Single by Crystal Gayle

from the album Crystal
- B-side: "I'm Not So Far Away"
- Released: March 26, 1977
- Genre: Country
- Length: 2:57
- Label: United Artists
- Songwriter(s): Bob McDill, Wayland Holyfield
- Producer(s): Allen Reynolds

Crystal Gayle singles chronology
| "You Never Miss a Real Good Thing (Till He Says Goodbye)" (1977) | "I'll Do It All Over Again" (1977) | "Don't It Make My Brown Eyes Blue" (1977) |

= I'll Do It All Over Again =

"I'll Do It All Over Again" is a song written by Bob McDill and Wayland Holyfield, and recorded by American country music artist Crystal Gayle. It was released in March 1977 as the third single from the album Crystal.

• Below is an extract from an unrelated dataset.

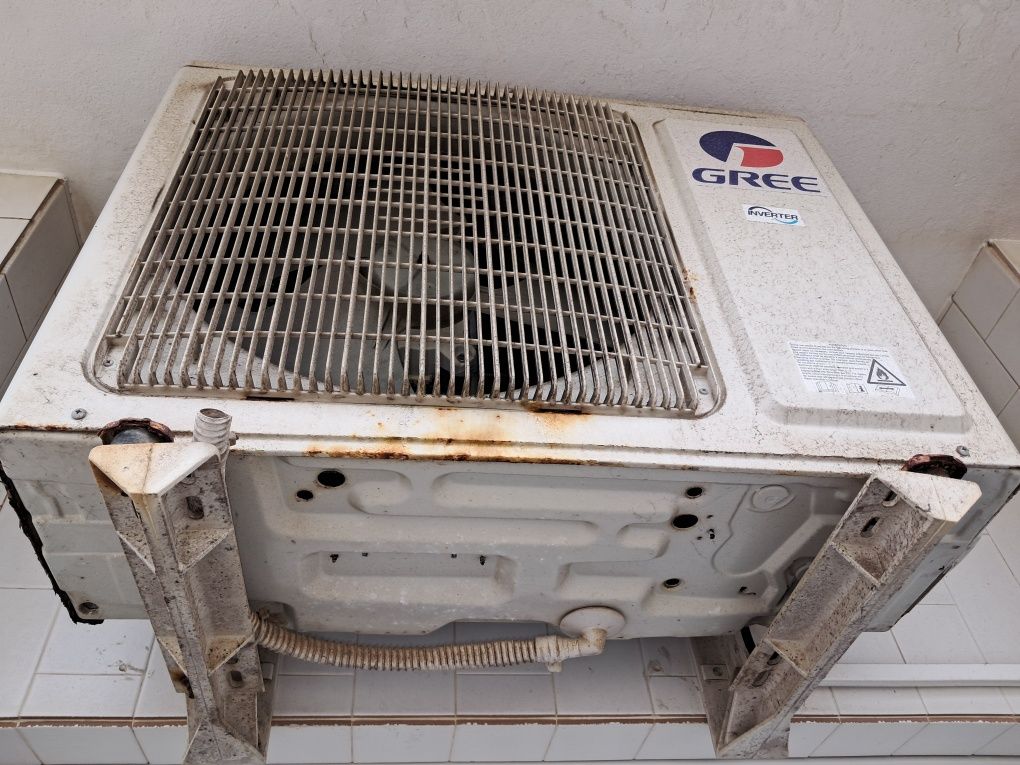Ar condicionado GREE, 18000 BTU avaria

The song reached number 2 on the Billboard Hot Country Singles & Tracks chart.

==Charts==

===Weekly charts===

| Chart (1977) | Peak position |
|---|---|
| US Hot Country Songs (Billboard) | 2 |
| Canadian RPM Country Tracks | 3 |

===Year-end charts===

| Chart (1977) | Position |
|---|---|
| US Hot Country Songs (Billboard) | 22 |

==Covers==
Later in 1977, Ava Barber released a cover of the song.